ACTION ITEM: Leave the pictures out and repeat the rest of the data below exactly.

PROVIDED DATA:
┄┄┄┄┄┄┄┄┄┄

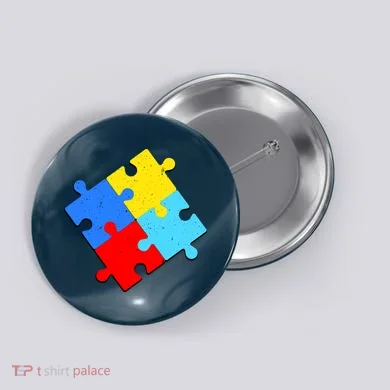 Button
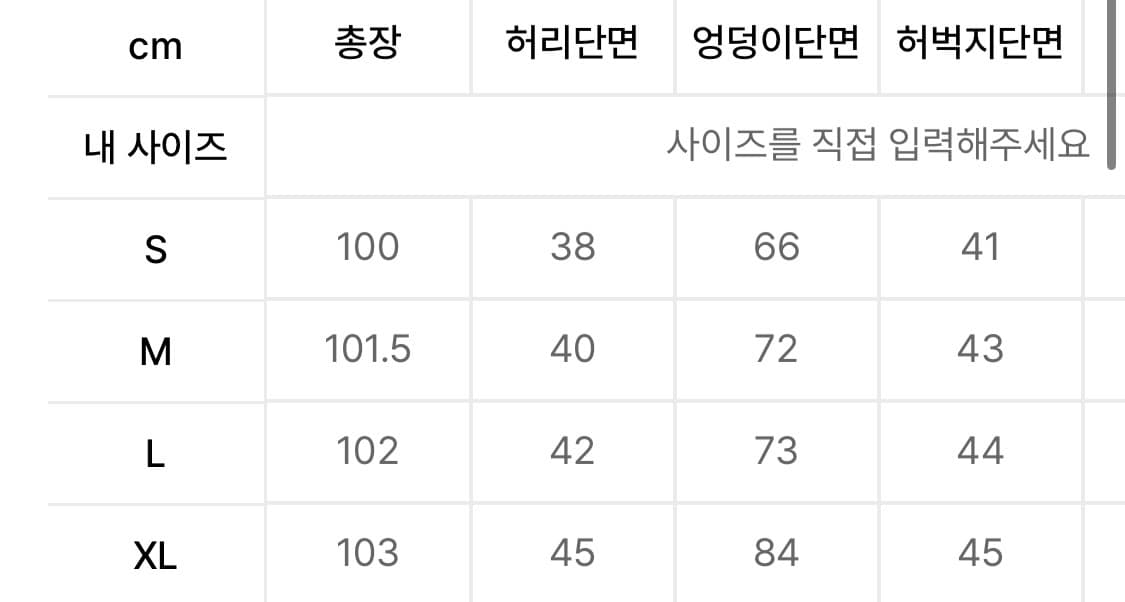 니들스 H.D. 밀리터리 팬츠 카키 상품이미지4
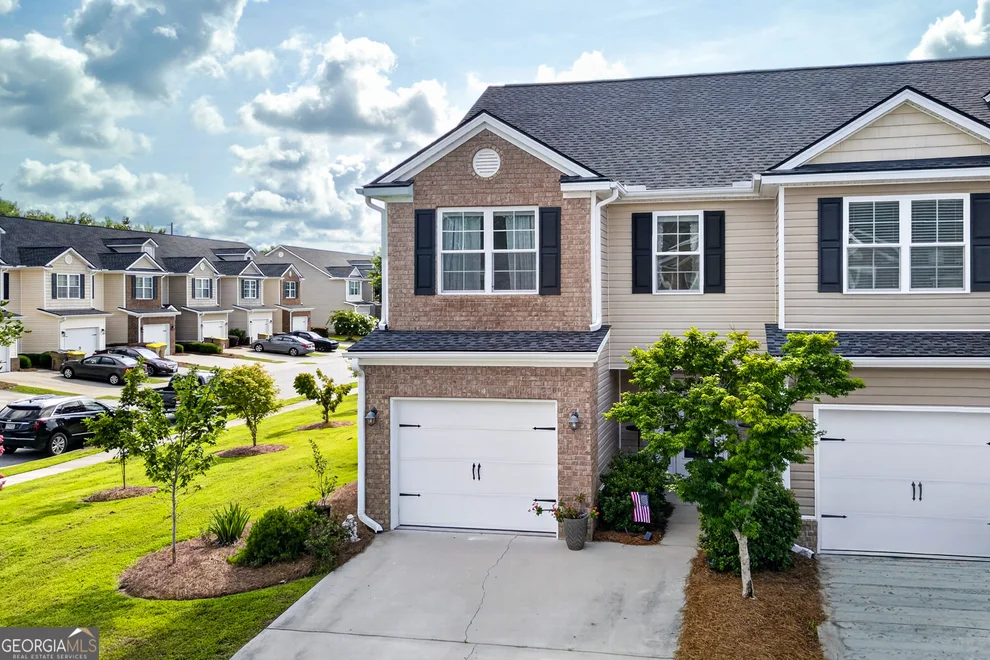 Unit for sale at 255 Cantle Drive, Richmond Hill, GA 31324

┄┄┄┄┄┄┄┄┄┄

WRITTEN ANSWER:
 Button
 니들스 H.D. 밀리터리 팬츠 카키 상품이미지4
 Unit for sale at 255 Cantle Drive, Richmond Hill, GA 31324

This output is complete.